Purpose: Eales' disease (ED) is an idiopathic retinal vasculitis condition, which affects the retina of young adult males. Retinal changes include perivasculitis, non-perfusion and neovascularization. Disruption of blood-retinal barrier (BRB) is the common feature in intra-ocular inflammatory diseases. Disruption of BRB results in vascular hyper permeability and infiltration of circulating leukocytes into the retinal parenchyma. Monocyte (MC) activation results in oxidant thrust and subsequent tissue damage. This has been reported in various intra-ocular inflammatory diseases such as uveitis and Behcet's disease. However, there are no such reports available in ED. Hence in the present study we have investigated the role of MC activation and hydroxyl radicals (OH) production and its possible involvement in promoting the development of retinal vasculitis in patients with ED.

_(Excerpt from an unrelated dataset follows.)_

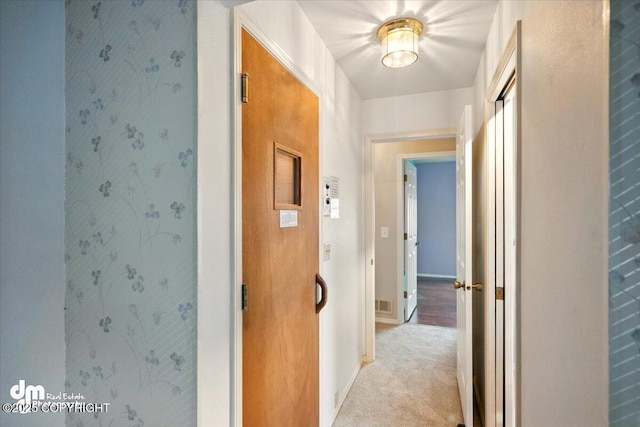 12100 Woodway Cir, Anchorage, AK 99516 - corridor featuring light colored carpet and baseboards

Methods: Twelve patients with ED and twelve healthy volunteers were recruited for the study. MC was separated from their peripheral blood. MC from patients with ED and control subjects was stimulated with phorbol-12-myristate-acetate (PMA) and OH generated was analyzed using an electron spin resonance spectrometer (ESR). Superoxide dismutase (SOD), thiobarbituric acid reactive substances (TBARS), and iron content was determined in MC to assess the oxidant thrust and antioxidant defense.
Results: OH generation was elevated in MC from patients with ED, which coincided with diminished SOD activity and elevated levels of iron and TBARS, when compared with healthy control subjects. OH generation was abrogated when MC from ED were co-incubated with PMA and iron chelators such as diethylenetriaminepentacetic acid (DTPA) and desferrioxamine. Iron chelation also inhibited TBARS accumulation restored SOD activity in MC of patients with ED.
Conclusions: For the first time we have demonstrated the production of OH generation in MC of patients with ED using ESR. Further we have shown the beneficial effect of iron chelation in mitigating free radical mediated changes in cellular metabolism. Based on our findings, we provide further evidence for the role of oxidant thrust in promoting retinal tissue damage in patients with ED.